К примеру, на протяжении всего стихотворения в определениях сочетаются пространственное и качественное значения. Резво вьются пестрые флаги, звучно раздаются дружные песни гребцов, далеко потрясена Нева тяжелой пальбой. Флаги «пестры» и по раскраске, и потому, что они весело развеваются на холодноватом ветру (См.: пестрит в глазах). Дружные песни гребцов слаженны; но и потому они дружны, что звучно (в унисон торжественной пальбе пушек) оглашают пространство. Весь мир попадает на пир милосердия, он оркестрован мелодией этого пира, приобретает его качество, а качественность приобретает пространственную отнесенность. Значения слов переплетаются, разветвляясь, углубляясь, и вместе с ними разветвляется и углубляется наше восприятие мира.
Если в целом во Вступлении к «Медному Всаднику» две сферы — природа и государство — непроницаемо замкнуты друг для друга, то в «Пире Петра Первого» они взаимооткрыты. То, что происходит в царском доме, отзывается и во всей природе. Петр празднует отпущение вины, и оттого-то «…шум и клики// В Питербурге-городке, // И пальба и гром музыки //И эскадра на реке; // (…) // И Нева пальбой тяжелой // Далеко потрясена».
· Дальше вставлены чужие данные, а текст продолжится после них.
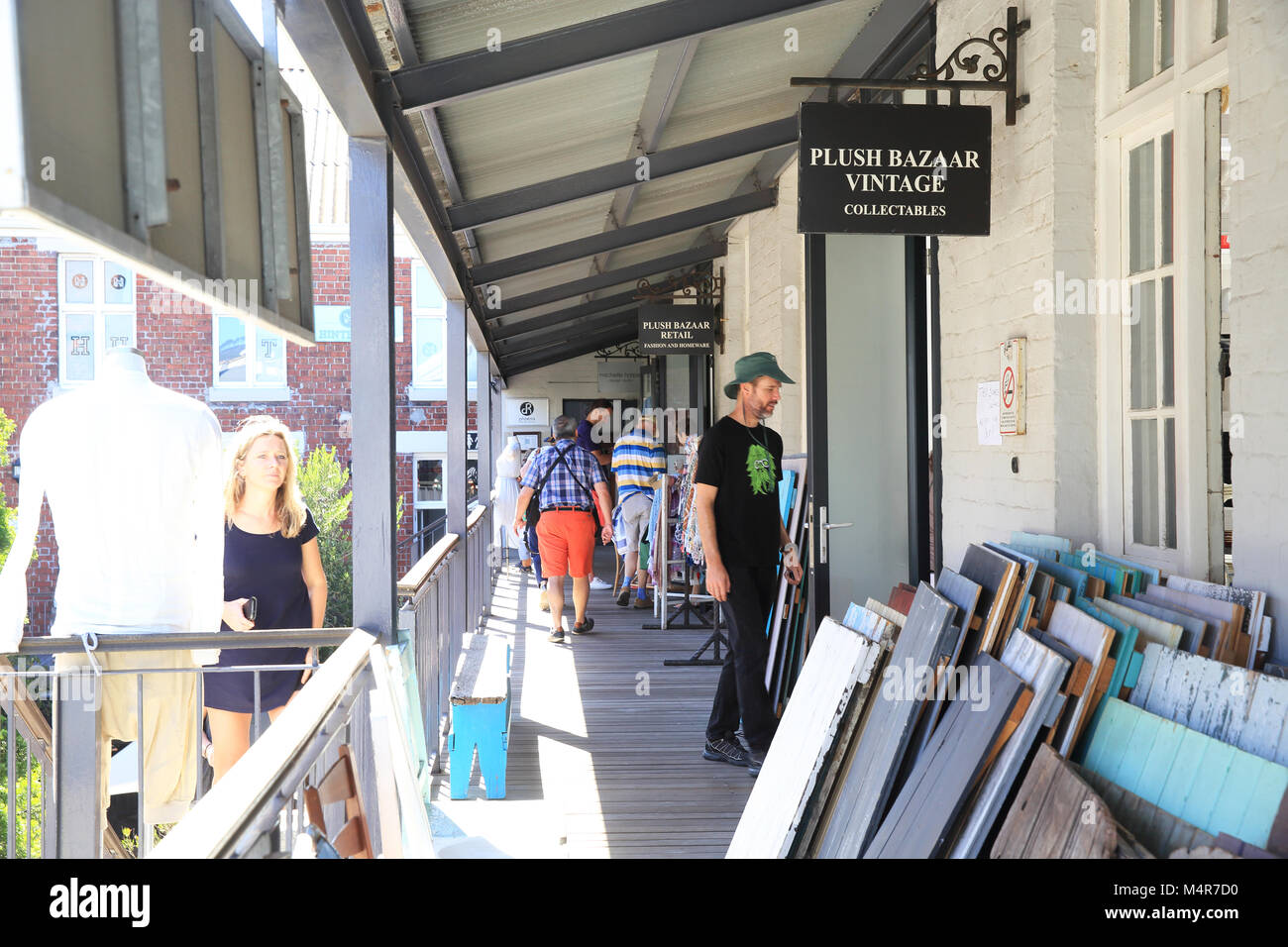 Saturday at the Old Biscuit Mill, in the heart of trendy Woodstock, with designer boutiques, and workshops, in Cape Town, South Africa Stock Photo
И конечно, возвращается цельность сюжету. Раздвоившийся в «Медном Всаднике» на «внутреннюю» и «внешнюю» ипостась, здесь он смыкается воедино. Ибо то, что царь совершает, он совершает не тайно, а явно. Причина празднования — прощение; следствие — преображение мира, возвращение истории в нормальное русло. Нет нужды «разводить» во времени причину и следствие, как то было в «петербургской повести».
И наконец, последнее совпадение, тоже отнюдь не случайное. События «Медного Всадника» и события «Пира Петра Первого» строго документированы. В повести это было даже подчеркнуто: «Происшествие… основано на истине». В стихотворении сносок и указаний на источник нет, но случай, в нем воссозданный, был достаточно известен. Эта документальность более чем значима. То, что предстает в историческом свидетельстве как яркая деталь, как важный, но единичный случай, попадая в «магнитное поле» литературного произведения, заряжается его энергией и перерастает ограничивающие рамки. В «Медном Всаднике» печальный, но отнюдь не закономерный факт наводнения приобретает масштаб национальной драмы, предопределенной всем ходом отечественной истории двух столетий. А в «Пире Петра Первого» Пушкин как бы сделал мгновенный «снимок» единичного случая из бурной биографии самодержца, и «снимок» этот стал символом, уроком власть предержащим на все времена.